Exercise directions: Return the lines that run from the line containing "Scaled Wurm card from Beatdown Box Set" through the end of the entries, both ends included. Leave out all pictures.

Caption-style text data:
============

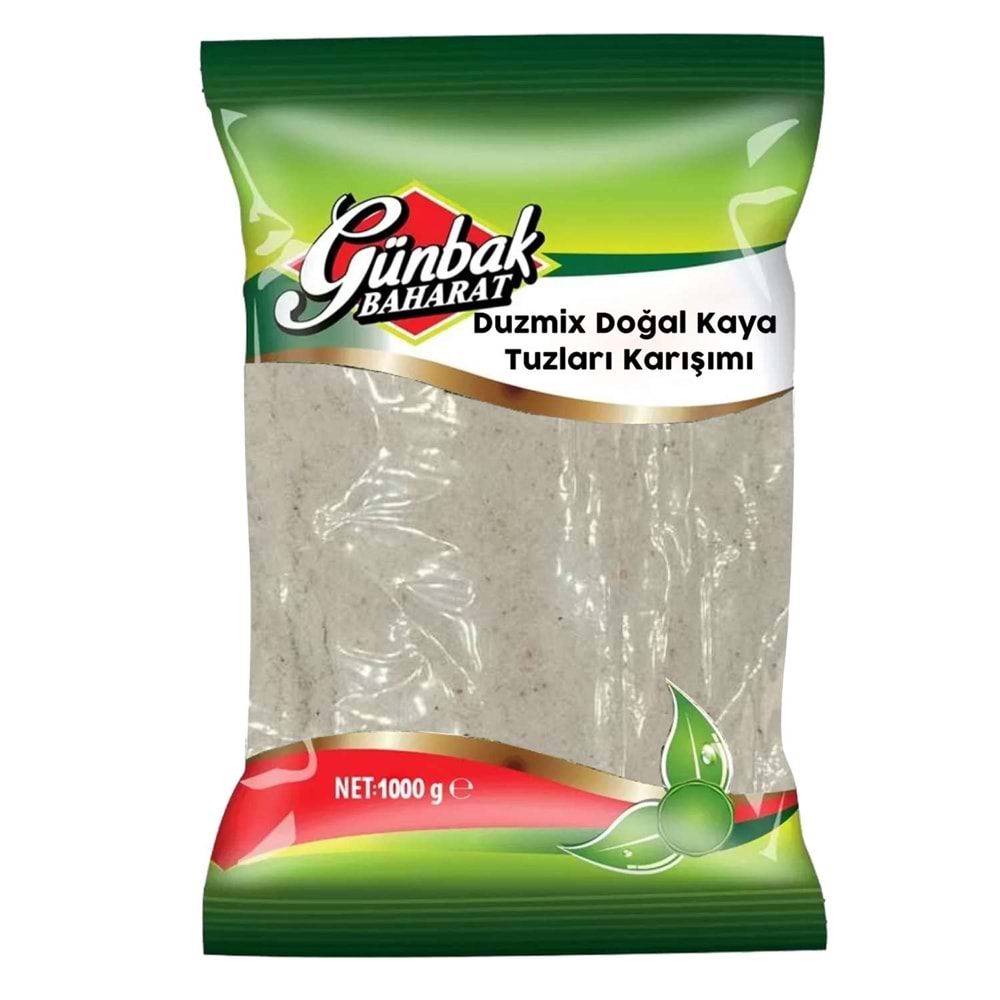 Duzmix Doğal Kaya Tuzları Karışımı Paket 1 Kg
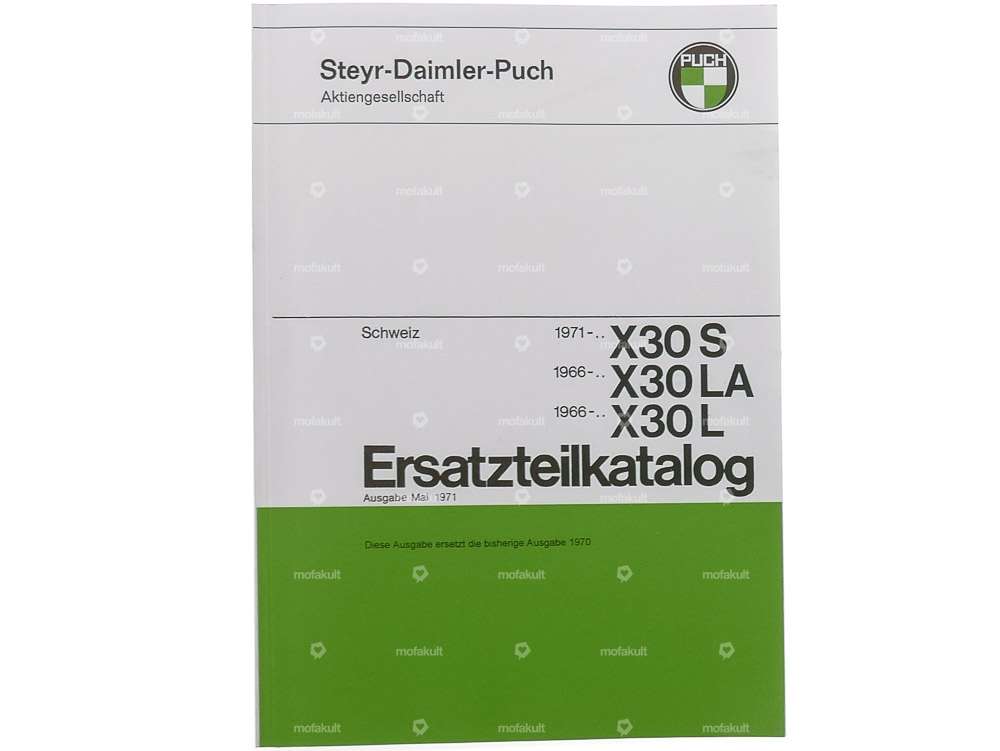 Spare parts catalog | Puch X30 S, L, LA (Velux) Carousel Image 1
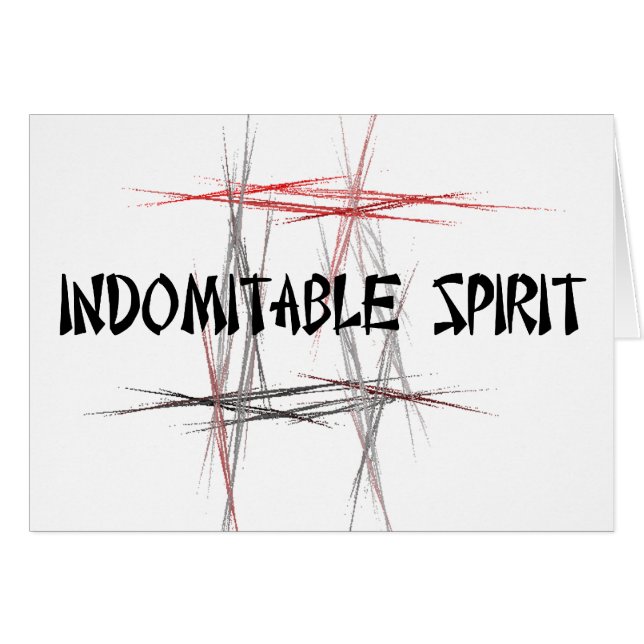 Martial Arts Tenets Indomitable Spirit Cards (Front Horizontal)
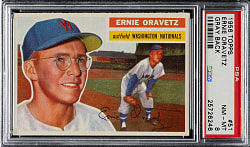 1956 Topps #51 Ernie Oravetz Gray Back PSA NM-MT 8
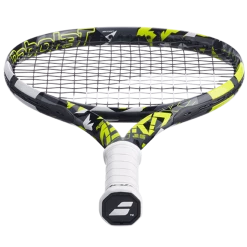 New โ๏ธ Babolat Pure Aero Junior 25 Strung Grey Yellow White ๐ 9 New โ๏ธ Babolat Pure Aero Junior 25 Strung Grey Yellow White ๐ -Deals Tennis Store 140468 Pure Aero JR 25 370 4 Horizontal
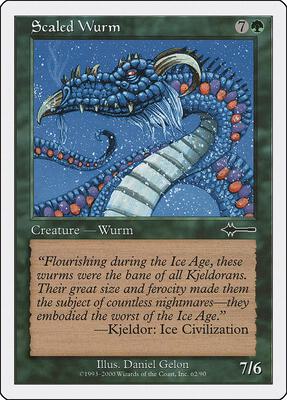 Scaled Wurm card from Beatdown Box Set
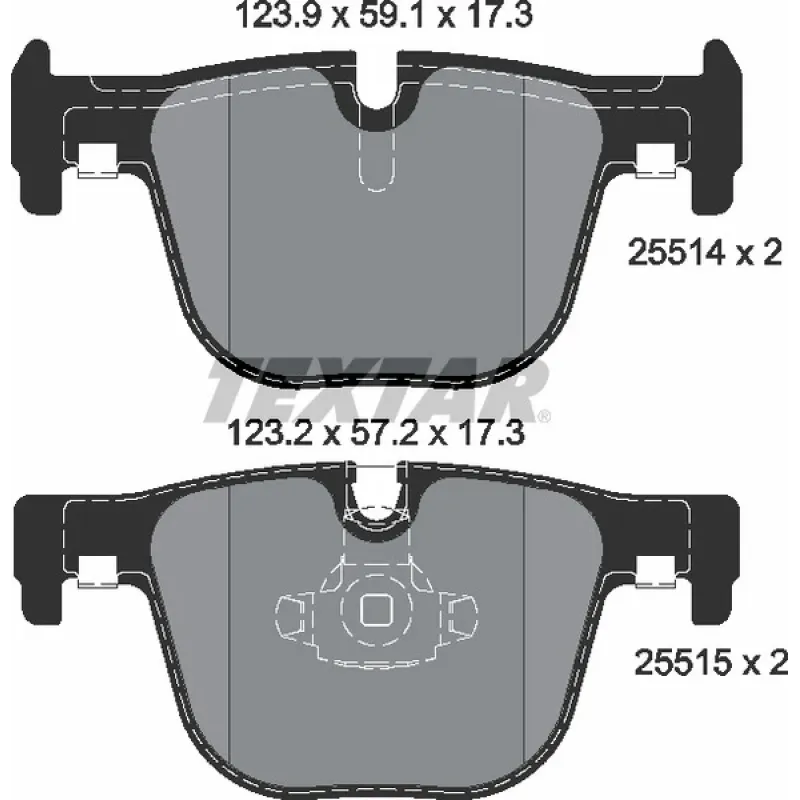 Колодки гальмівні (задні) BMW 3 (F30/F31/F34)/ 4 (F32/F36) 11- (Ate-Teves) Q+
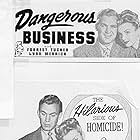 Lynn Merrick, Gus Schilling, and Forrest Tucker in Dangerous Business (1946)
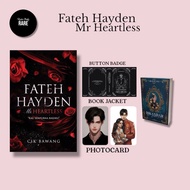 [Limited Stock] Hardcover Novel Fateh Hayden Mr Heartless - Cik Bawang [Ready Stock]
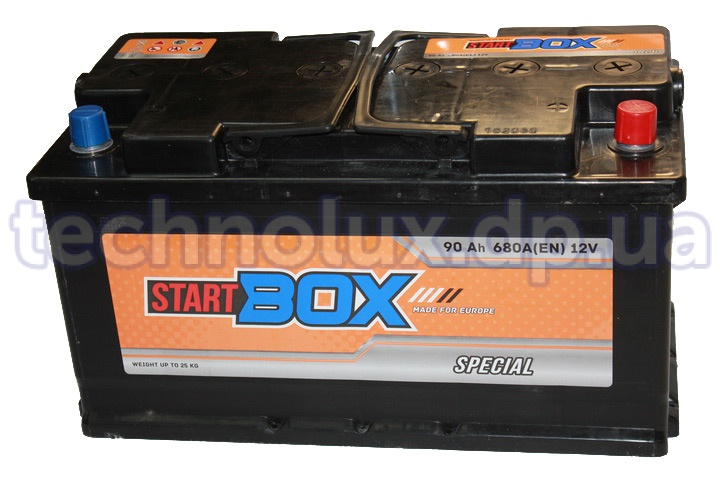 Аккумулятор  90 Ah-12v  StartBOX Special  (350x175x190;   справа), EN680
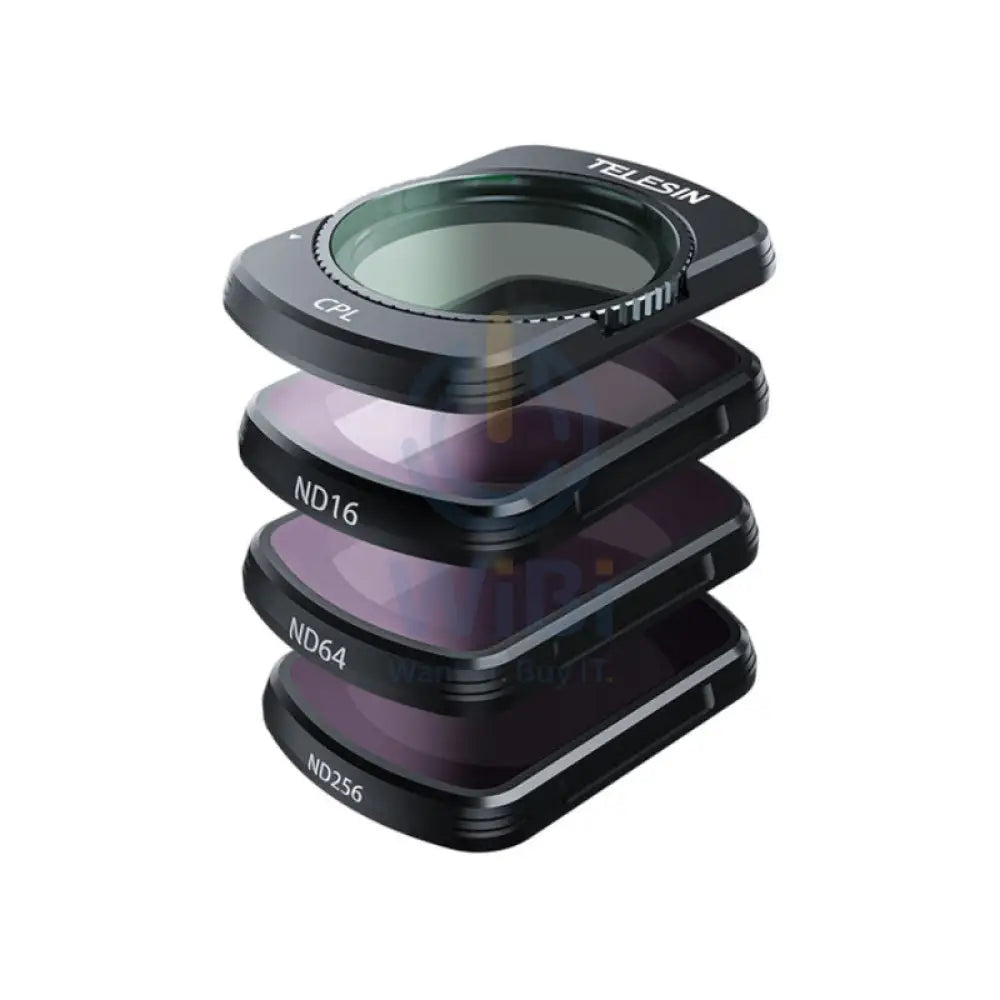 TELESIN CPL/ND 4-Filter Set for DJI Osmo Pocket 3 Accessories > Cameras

============

Answer to this problem:
 Scaled Wurm card from Beatdown Box Set
 Колодки гальмівні (задні) BMW 3 (F30/F31/F34)/ 4 (F32/F36) 11- (Ate-Teves) Q+
 Lynn Merrick, Gus Schilling, and Forrest Tucker in Dangerous Business (1946)
 [Limited Stock] Hardcover Novel Fateh Hayden Mr Heartless - Cik Bawang [Ready Stock]
 Аккумулятор  90 Ah-12v  StartBOX Special  (350x175x190;   справа), EN680
 TELESIN CPL/ND 4-Filter Set for DJI Osmo Pocket 3 Accessories > Cameras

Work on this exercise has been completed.